Review and purchase link

7) Colin Stetson ~ Sorrow (52Hz)
Classical music doesn’t usually cross over, but there was something special about Górecki’s Third Symphony, which premiered in 1977 but became a global phenomenon in 1992, selling over a million copies.  A generation later, the Symphony of Sorrowful Songs is being introduced to a brand new audience.  Colin Stetson’s stunning version preserves the passion while trading the quietude for dynamism.  The music topples at times into post-rock, thanks to the contributions of Rebecca Foon (Esmerine) and Sarah Neufeld (Bell Orchestre).  It’s one of the most visceral albums of the year, amplifying the emotions to an almost unbearable degree.  (Richard Allen)

Review and purchase link

8) ‘Olafur Arnalds ~ Late Night Tales (Late Night Tales)
It’s unusual for a compilation to make it onto our year-end listings, but this Late Night Tales mix is a stunner. As the lovely, angelic music of Julianna Barwick’s “Forever” takes you away, you know you’re in for a special mix. ‘Olafur Arnalds allegedly spent months curating this mixtape, describing it as ‘the soundtrack of my life’, and the effort he put into it certainly shines through.

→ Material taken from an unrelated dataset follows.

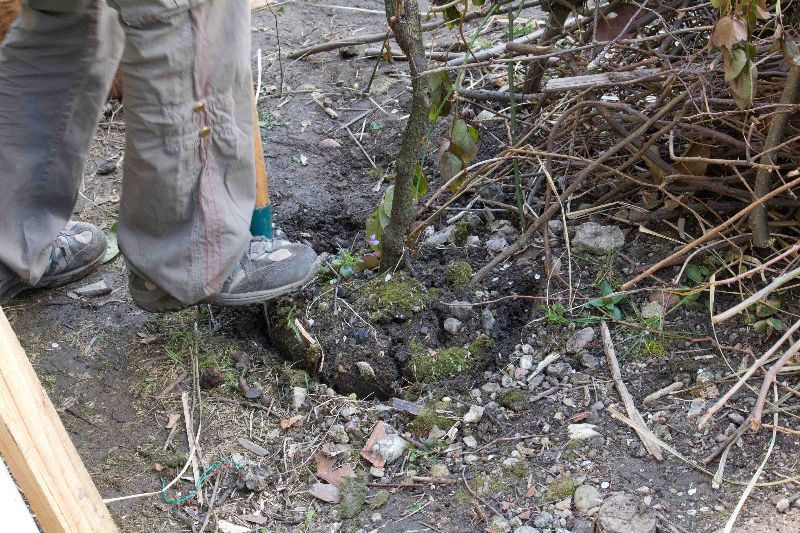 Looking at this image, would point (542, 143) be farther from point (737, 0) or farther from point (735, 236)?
point (737, 0)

The Late Night Tales series is well known for its quality, but they’re also personal expeditions. The same is true here; its glowing, ambient atmospherics and its casual-but-emotive air means it’s perfect as the long nights descend.  (James Catchpole)

Review and purchase link

9) Paul Jebanasam ~ Continuum (Subtext)
Continuum completes Paul Jabansam’s journey from investigating earthly representations of the heavens to studying the heavens themselves. It’s a thrilling journey that starts with a surge through our atmosphere (“depart as…”), the vessel powerful yet vulnerable against the weight of the cosmos. Lines of communication crackle, encasements fracture and electrics falter. As we escape gravity’s clutches (“eidolons beginning…”), senses reorient to survey infinity and soothing melodies emerge, yet cannot manifest clearly. We seem to drift for aeons until the fabric of reality itself falters (“search another…”), our senses assailed with existential ripples that converge then separate. We seem to drift with Aeons – perhaps the spirits that emerged previously – who could lay to rest doubts of divinity. But in the end, it concludes not with the comfort of knowing, but with the beauty of not knowing. (Chris Redfearn-Murray)

Review and purchase link

10) Roger Goula ~ Overview Effect (Cognitive Shift Recordings)
London-based composer Roger Goula astonished late in the year with a set charting the psychological change an astronaut undergoes when first viewing the Earth from space. Droning strings and analogue synths combine to convey the vastness and vacuity beyond our atmosphere, while the human element is voiced through a variety of lead instruments, including ukulele, electric guitar, cello and violin. In its calm first third, Overview Effect is glacial in its immensity and stillness. As the astronaut drifts farther from home, which soon appears as a mere “Pale Blue Dot”, emotions and drama crescendo in baroque violin solos that coruscate and thrill. Throughout, the electronics hum far below – the backdrop of darkness perennial. A breathtaking debut for both label and artist. (Chris Redfearn-Murray)

Review and purchase link

11) Kjartan Sveinsson ~ Der Klang der Offenbarung des Göttlichen (Bel-Air Glamour, Vinyl Factory)
Henryk Górecki’s popular Third Symphony was the subject of a great re-interpretation by Colin Stetson this year, but it is arguably Sveinsson who has made a closer tribute in the form of Der Klang der Offenbarung des Göttlichen (roughly, “the sound of divine revelation”). Not only does it allude to the modern sacred music tradition of which Górecki is an important part of, it also brings to bear its particular mixture of styles, giving ‘neo-classical’ frameworks of composition a minimalist treatment that distills their classicality into its other, a deeply moving emotionality. Where Sveinsson deviates from the ‘holy minimalists’ is in his use of silence; the presence of the divine comes here from an essential quietness, from the peaceful tumult of the surface of the primal waters, and thus it does not emerge, it simply always is. You just need to listen, truly listen, and you will find yourself above a sound-full sea of light. (David Murrieta)

Review and purchase link

12) Sustainer ~ Medicina (Eilean)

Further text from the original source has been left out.